Maxine Richardson (died October 19, 2021, at 85) was NCI’s Equal Employment Opportunity (EEO) director from 1980 to 1996. Her office adopted an initiative created in the NHLBI EEO office to recycle medical textbooks and publications to the historically Black colleges and universities and a community college on the Rosebud Indian Reservation in South Dakota.
John D. Termine (died June 3, 2021, at 82) spent more than 20 years as a research biochemist—focusing on diseases of bone and enamel—at the National Institute of Dental and Craniofacial Research, where he was chief of the Bone Research Branch. In 1991, he became vice president and executive director at Lilly Research Laboratories, Eli Lilly and Co., and led a team in the development of a breakthrough treatment for osteoporosis.
George Vande Woude (died April 13, 2021, at 86) is known for his groundbreaking contributions to the fields of virology and oncogenes, including the 1984 discovery of the MET oncogene, which has been successfully targeted by several drugs currently used in personalized therapies. He joined NCI in 1972 as head of the Human Tumor Studies and Virus Tumor Biochemistry section and was appointed chief of the Laboratory of Molecular Oncology in 1980. He left NIH in 1999 to become the founding research director of Van Andel Research Institute (Grand Rapids, Michigan), then returned to NCI in 2009 as distinguished scientific fellow, emeritus, retaining his role as head of the Laboratory of Molecular Oncology.
Thomas Alexander Waldmann (died September 25, 2021, at 91), who started working at NIH in 1956, was an NIH Distinguished Investigator and chief of the Lymphoid Malignancies Branch at NCI. As a renowned immunologist, his work led to many high-impact discoveries that advanced the field of organ transplantation, autoimmune diseases, and cancer.
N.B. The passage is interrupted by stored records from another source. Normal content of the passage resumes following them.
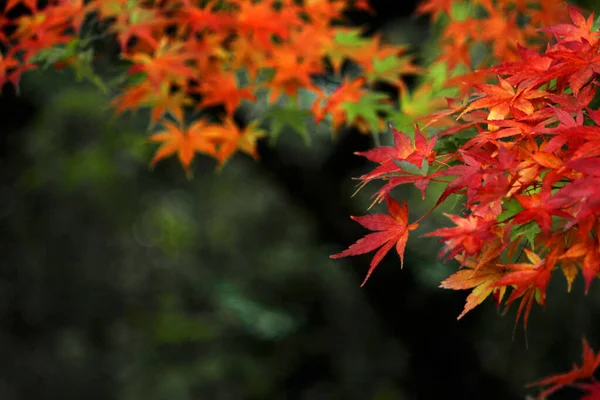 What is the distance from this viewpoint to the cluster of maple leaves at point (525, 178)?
4.12ft

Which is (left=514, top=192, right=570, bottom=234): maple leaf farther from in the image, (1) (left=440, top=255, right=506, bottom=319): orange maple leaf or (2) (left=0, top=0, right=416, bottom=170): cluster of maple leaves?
(2) (left=0, top=0, right=416, bottom=170): cluster of maple leaves

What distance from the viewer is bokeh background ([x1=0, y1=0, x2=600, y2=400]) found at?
5.60m

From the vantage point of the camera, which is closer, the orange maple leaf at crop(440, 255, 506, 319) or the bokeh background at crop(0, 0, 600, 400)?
the orange maple leaf at crop(440, 255, 506, 319)

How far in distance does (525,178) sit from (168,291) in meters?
5.67

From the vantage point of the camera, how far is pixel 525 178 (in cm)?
135

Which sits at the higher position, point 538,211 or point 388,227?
point 538,211

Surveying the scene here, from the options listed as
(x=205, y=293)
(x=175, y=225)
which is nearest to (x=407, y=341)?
(x=205, y=293)

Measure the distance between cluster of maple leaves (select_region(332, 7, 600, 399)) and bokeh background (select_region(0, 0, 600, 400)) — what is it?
11.1ft

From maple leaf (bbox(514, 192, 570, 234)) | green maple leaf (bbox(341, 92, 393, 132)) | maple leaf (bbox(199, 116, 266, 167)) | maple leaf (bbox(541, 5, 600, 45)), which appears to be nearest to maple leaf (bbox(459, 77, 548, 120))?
maple leaf (bbox(541, 5, 600, 45))

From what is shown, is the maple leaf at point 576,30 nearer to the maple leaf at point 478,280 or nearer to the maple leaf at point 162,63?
the maple leaf at point 478,280

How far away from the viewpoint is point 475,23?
10.1ft

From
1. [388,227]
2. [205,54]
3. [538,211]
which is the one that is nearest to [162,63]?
[205,54]

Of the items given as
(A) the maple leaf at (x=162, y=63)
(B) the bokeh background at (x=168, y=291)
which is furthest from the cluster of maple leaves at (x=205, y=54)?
(B) the bokeh background at (x=168, y=291)

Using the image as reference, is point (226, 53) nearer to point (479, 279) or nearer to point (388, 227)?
point (388, 227)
He was a leader in the study of cytokines and their receptors and of monoclonal antibodies, now a dominant form of cancer immunotherapy.
Samuel H. Wilson Jr. (died on April 23, 2021, at 82), a protein biochemist, did a two-year postdoctoral fellowship at the National Heart Institute, then moved to NCI in 1970, where he worked for 22 years. In 1992, the University of Texas Medical Branch (Galveston, Texas) recruited him to establish the Sealy Center for Molecular Science. In 1996, he returned to NIH as deputy director and then acting director of the National Institute of Environmental Health Sciences, where he maintained an active lab for the rest of his life. His lab made many scientific contributions toward the understanding of mechanisms of faithful replication and repair of DNA and how abnormalities in the genome are corrected by a process named base excision repair.